One thing I've never investigated is how performance OpenCL actually is for CPU. Do you happen to have any resources comparing it to a more native CPU implementation?
It isn't really related to your question but I think the FluidX3D benchmarks [2] illustrate that OpenCL is at least viable across a wide variety of hardware.
As far as targeting CPUs in a release build it's not a particular backend that's important to me. The issue is at the source code level. Having single source is nice but you're still stuck with these two very different approaches. It means that the code is still clearly segmented and thus retargeting any given task (at least nontrivial ones) involves rewriting it to at least some extent.

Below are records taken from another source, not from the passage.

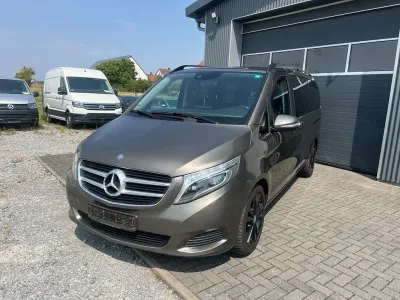 Gebraucht Mercedes V250 Edition 190 PS (139 kW) 2015 Grau Van / Kleinbus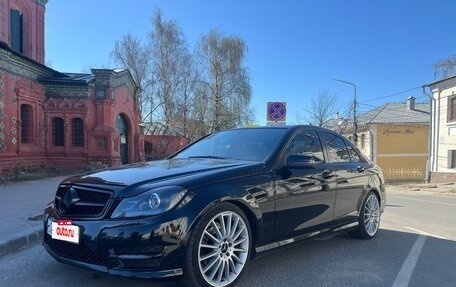 Mercedes-Benz C-Класс, 2012 год, 1 250 000 рублей, 4 фотография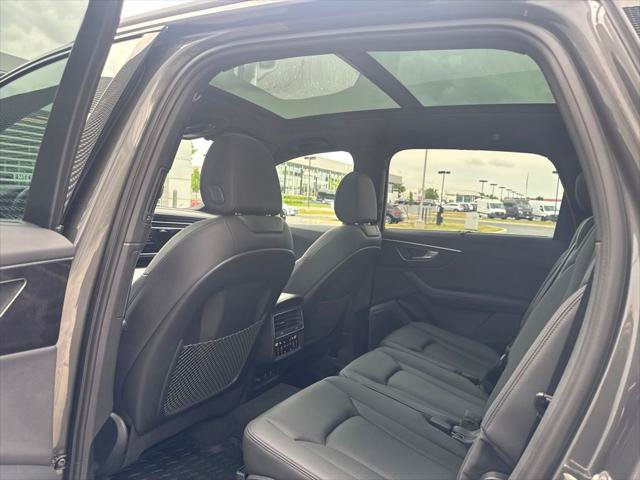 Certified 2024 Audi Q7 3.0T Prestige AWD/4WD image 38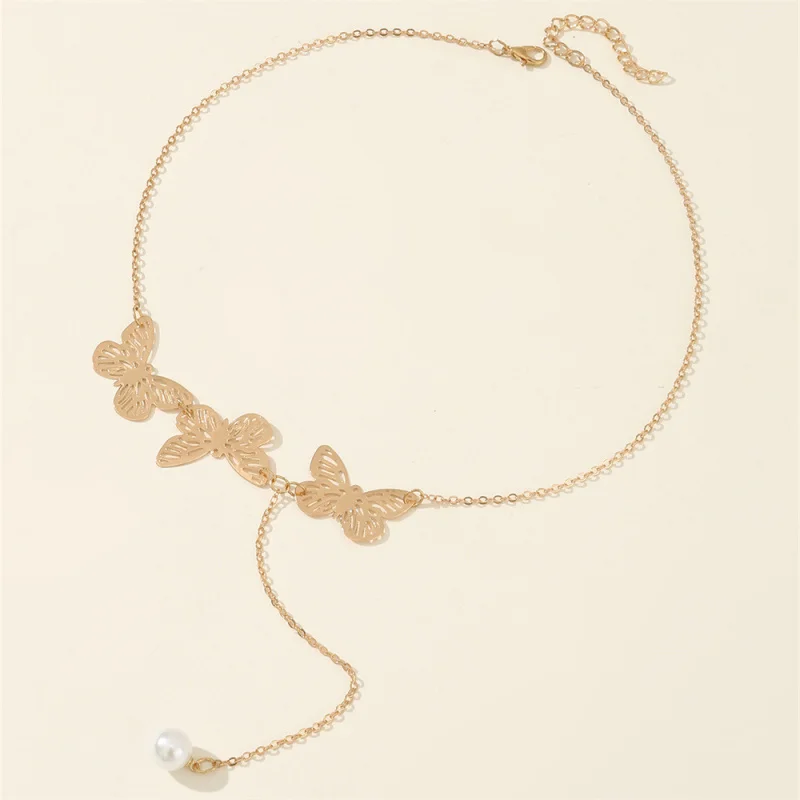 1pc Pearl Butterfly Hip-Hop Choker – A Niche Fusion of Elegant Luster & Street Edge.
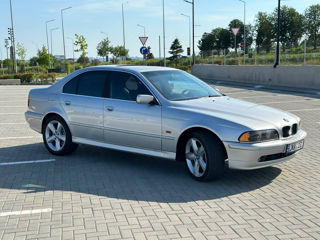 BMW 5 Series foto 3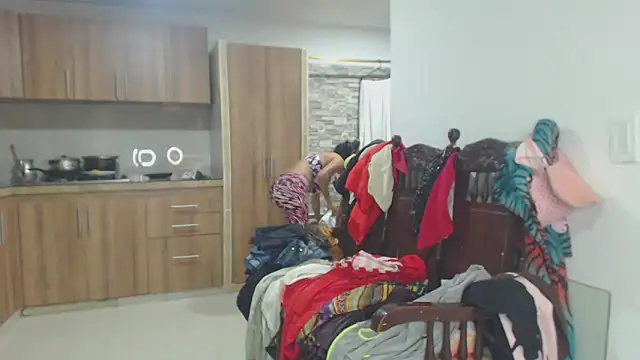 brigitht online show from January 5, 12:42 am
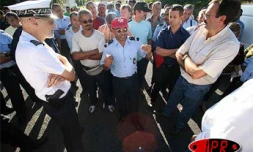 Mardi 30 mai 2006 -

Le mouvement de protestation des gardiens de prison a duré un jour et demi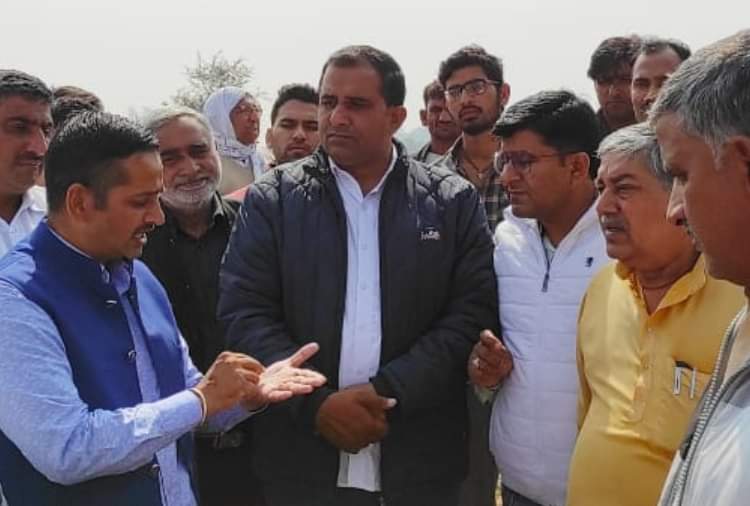 Ground Report : People of this village only wants canal water for their fields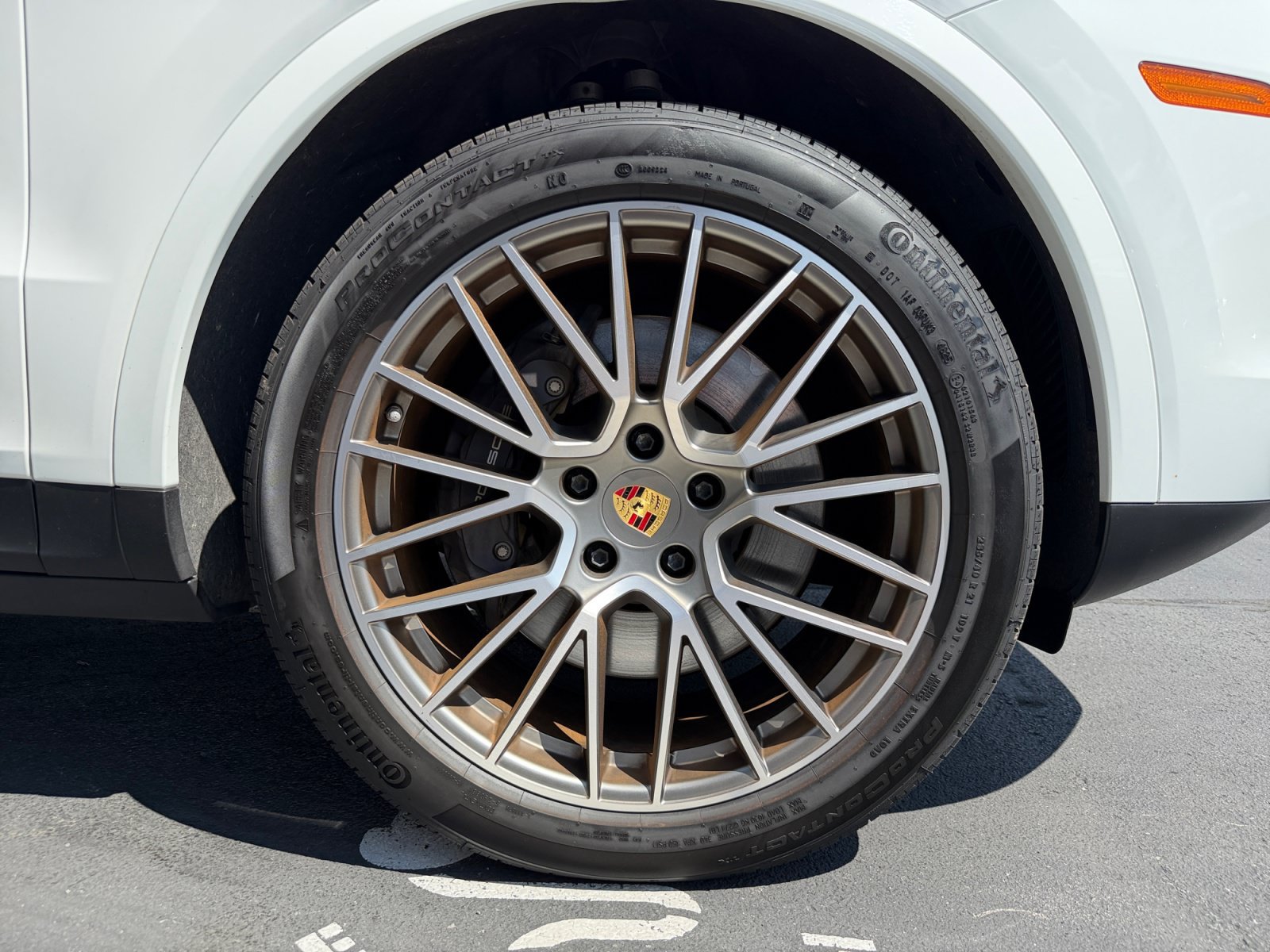 Certified 2023 Porsche Cayenne Platinum Edition AWD/4WD image 8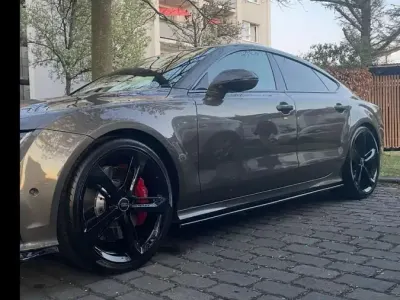 Gebraucht Audi RS7 300 PS (220 kW) 2011 Grau Kleinwagen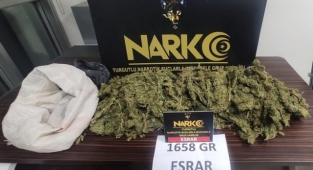 1 kilo 658 gram esrar ele geçirildi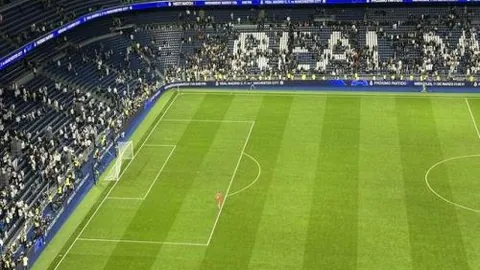 利物浦客场2-0领先曼城，客队球迷欢呼雀跃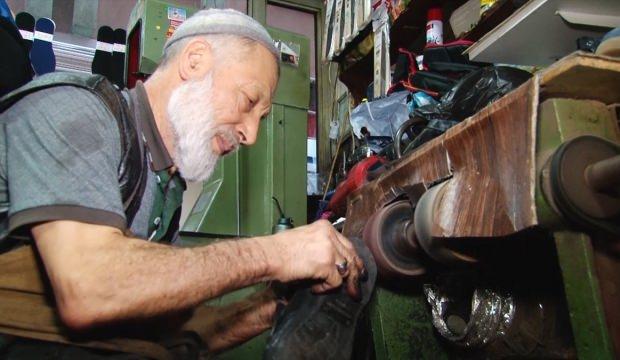 Mesleğini 55 yıldır sürdürüyor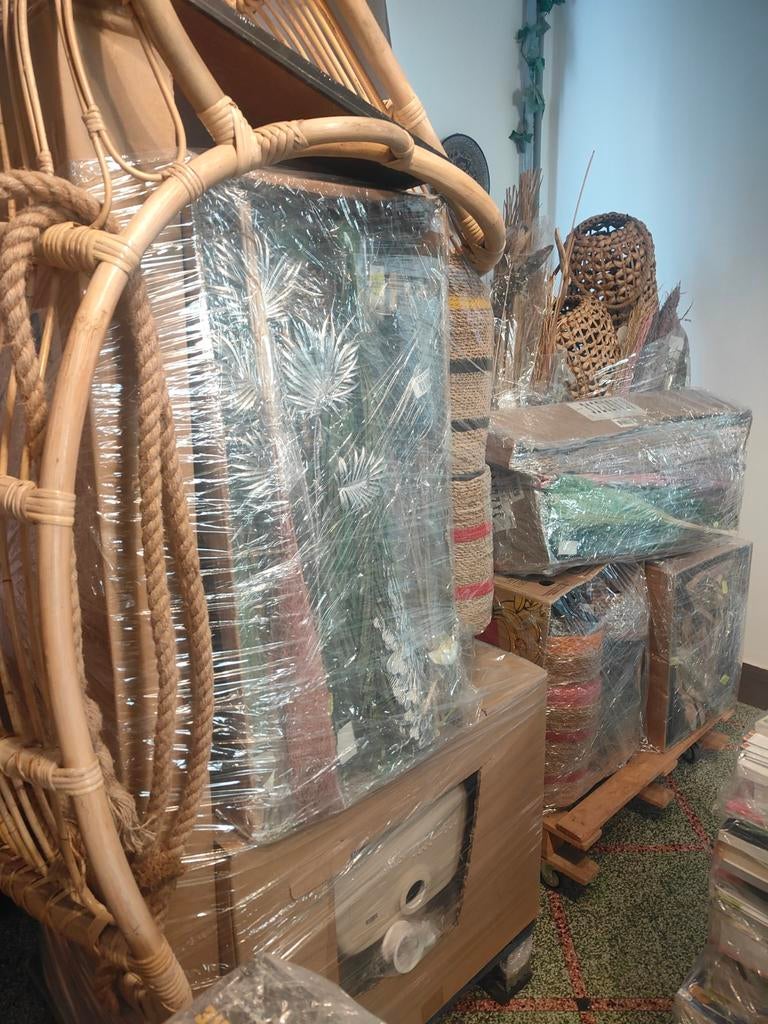 3 PALETTES DE SOLDERIES + 2 PALETTES DE LIVRES OFFERTES, Enlèvement, Neuf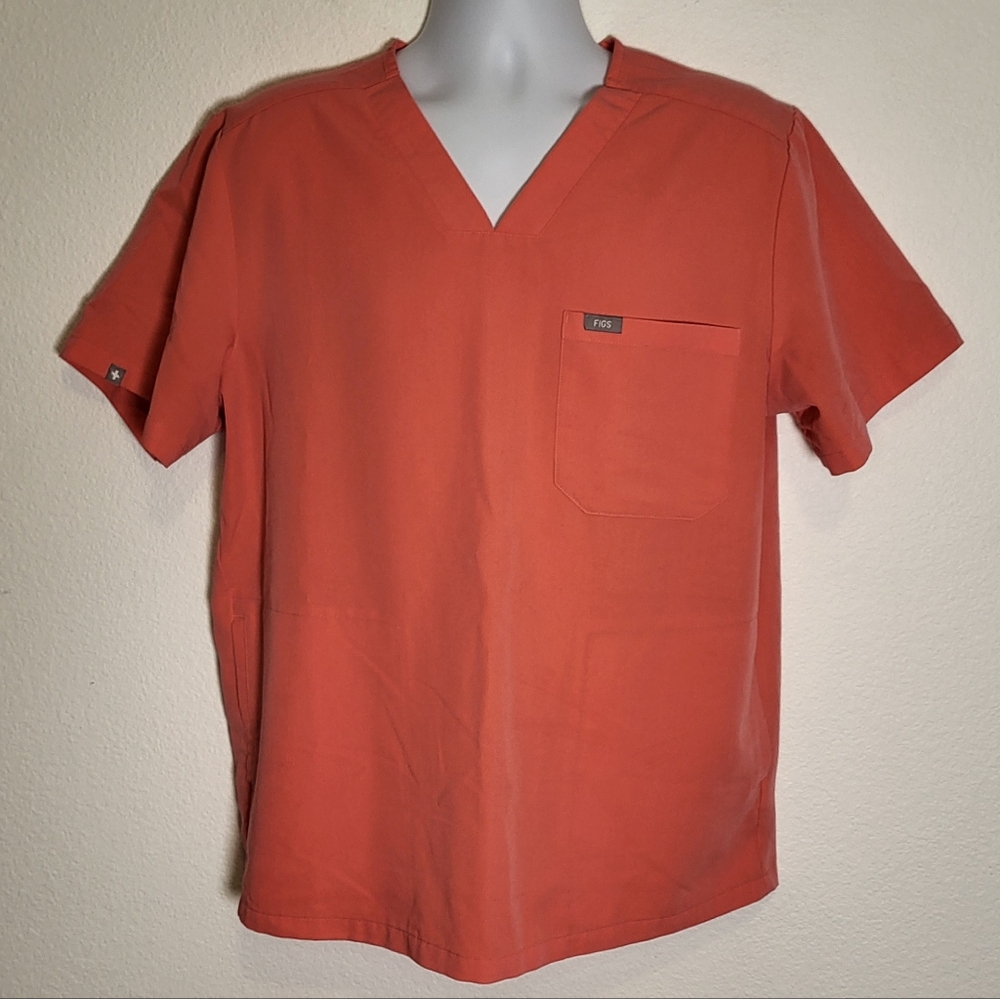 Figs Chisec Three Pocket Scrub Shirt in Hot Coral Pink size Large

Contrast that with a model like OpenMP where the difference between CPU and GPU is marking the relevant segment for offload. Granted that you'll often need to change algorithms when switching to achieve reasonable performance but it's still a really nice quality of life feature not to have to juggle more paradigms and libraries.
[0] https://github.com/pocl/pocl
Since we don't want to rewrite everything multiple times, it also has to be multi-platform and optimal, so the feature set must be per-device, not per-language. I'm not aware of a tool that does that, especially in Rust (which Burn is written in).
Jax? But then you're stuck in python. SYCL?
But yeah not for Rust. This project is filling a prominent hole IMO.
Also, to whom do you have to thank LLVM exists in first place, and has not fizzled out as yet another university compiler research project?
Generally wgpu is open to supporting any Metal extensions you need. There's usually an analogous extension in one of the other backends (e.g., Vulkan, DX12) anyway.